A preacher returns to harness
As a preacher, I am feeling out of touch. A period of compassionate leave means that I have not preached for some five weeks. The journey from study to pulpit/ lectern is always both long and uphill, but today it seems a little longer. I have always maintained that the day I stop feeling nervous about preaching is the day I shall stop doing it. As preachers, our nerves keep us in our place – reminding us that we are but fragile instruments in the hand of a greater musician. If a little nervous flutter serves to remind us that we cannot bring an eternal word into a temporal situation unaided, then so be it.
On this particular occasion, I shall return to preaching by means of a funeral and thanksgiving service on Tuesday. These can be amongst the preacher’s toughest challenges, I find. One the one hand, hope is to be painted in all its bright colours, but on the other, the sadness is acute. Both sentimentality and opportunistic challenge are to be avoided with equal care. The address at a funeral or thanksgiving must look both backwards to a life lived and forwards to an eternity anticipated. In short – I need help!

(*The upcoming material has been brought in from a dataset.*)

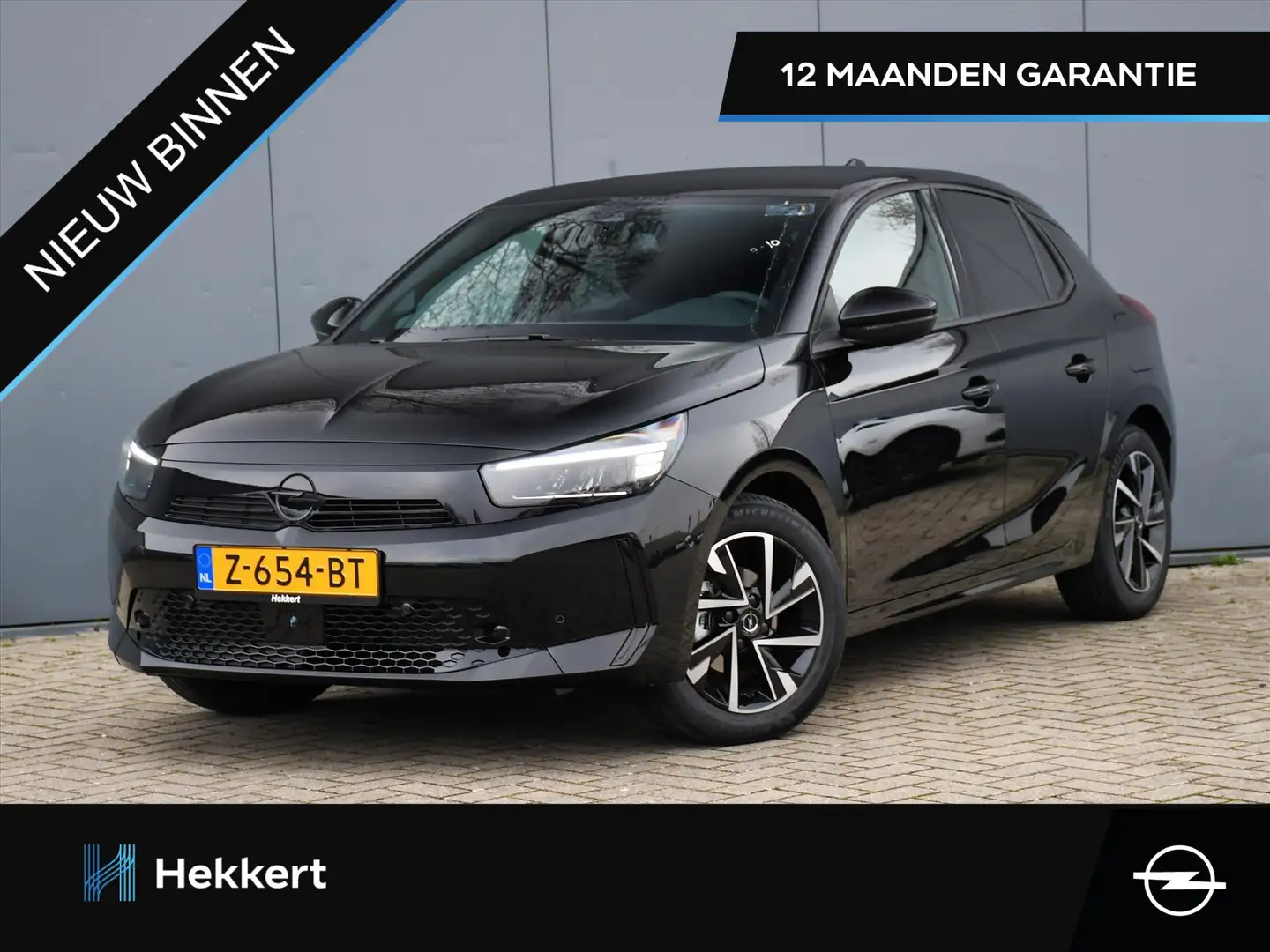 Opel Corsa GS 1.2 75pk 16''LM | DODE HOEK | PDC + CAM. | CRUI Noir - 1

On Wednesday evening I was walking along the seafront in Sheringham, North Norfolk, when I watched the man in the picture below. With apparently effortless ease he was paragliding above the beach, occasionally turning in circles amongst the gulls who shared the sky with him. Of course, it wasn’t effortless at all. He doubtless had to keep constant watch on his height and position, as well as ‘reading’ the thermals to keep him airborne. To the watchers, like me, it was graceful and effortless, to him it was a different story.
Preaching is never effortless, but like the sunset flight it is worth it!